Before and shortly after apartheid ended, there had been a large catalogue of South African fiction that dealt with the societal issues of the South African polity centred on the racial divide and its attendant inequalities. In more recent years, there has been a dearth of such stories, largely for good because a permanent view in the rear mirror is no productive observation of any society. In light of the recent trend, They Got To You Too is a refreshing take in the sense that it revisits the past when it gets Hans Van Rooyen to look back at his life of privilege, regret and search for renewal. Entering his ninth decade on earth, he finds himself admitted to a nursing home and the old South Africa meets the new one.

Zoe is Hans’s new nurse in the nursing home.
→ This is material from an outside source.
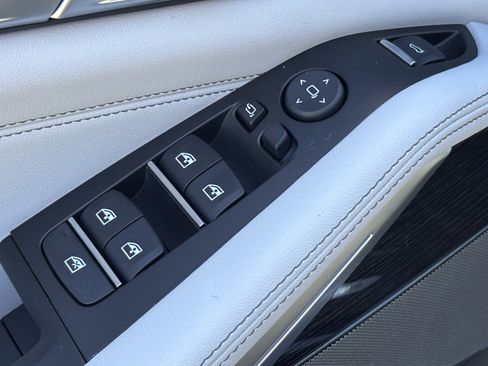 Used 2026 BMW X5 sDrive40i w/ M Sport Package image 14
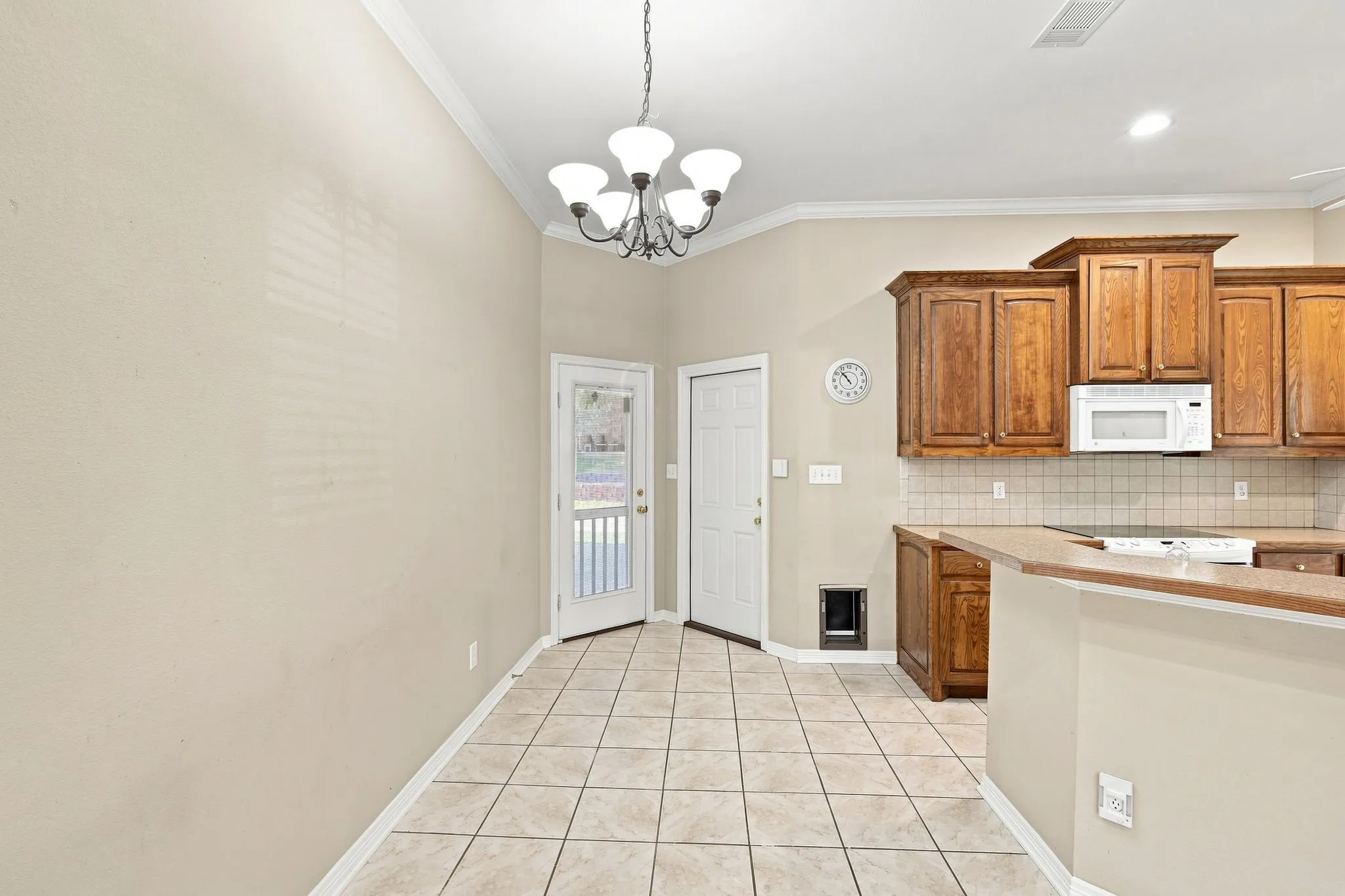 Single Family Residence For Sale in Dallas County , 925 Cresthill Drive 37B, Cedar Hill, Texas 75104, 2 Bedroom, 2 Bathroom, 2 Garage spaces, 1,239 Sqft, built in 2004, mls#21358719, Real Estate Agent in Cedar Hill, Homes For Sale in Dallas county, Homes For Sale in Cedar Hill, Realtor in Cedar Hill Texas, Real Estate Brokerage Independent Realty Texas, Luminita Cordes Realtor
Having navigated the old South Africa, She has scars from the dark days of the past and since she has found healing in the present, she is best placed to guide Hans into new space while helping him unpeel the layers of secrecy from his past that has limited him from embracing a nation where skin colour is not meant to be a factor of discrimination. They Got To You Too is a story of discovery, acceptance, forgiveness and healing. It highlights the individual journey of an oppressor the oppressor. In alternating chapters, the lives of Hans and Zoe are peeled back and we see how each has arrived at their present station in life. The future is a product of what we make of our past in the present. Only in confronting his past can Hans die with no grudge and baggage.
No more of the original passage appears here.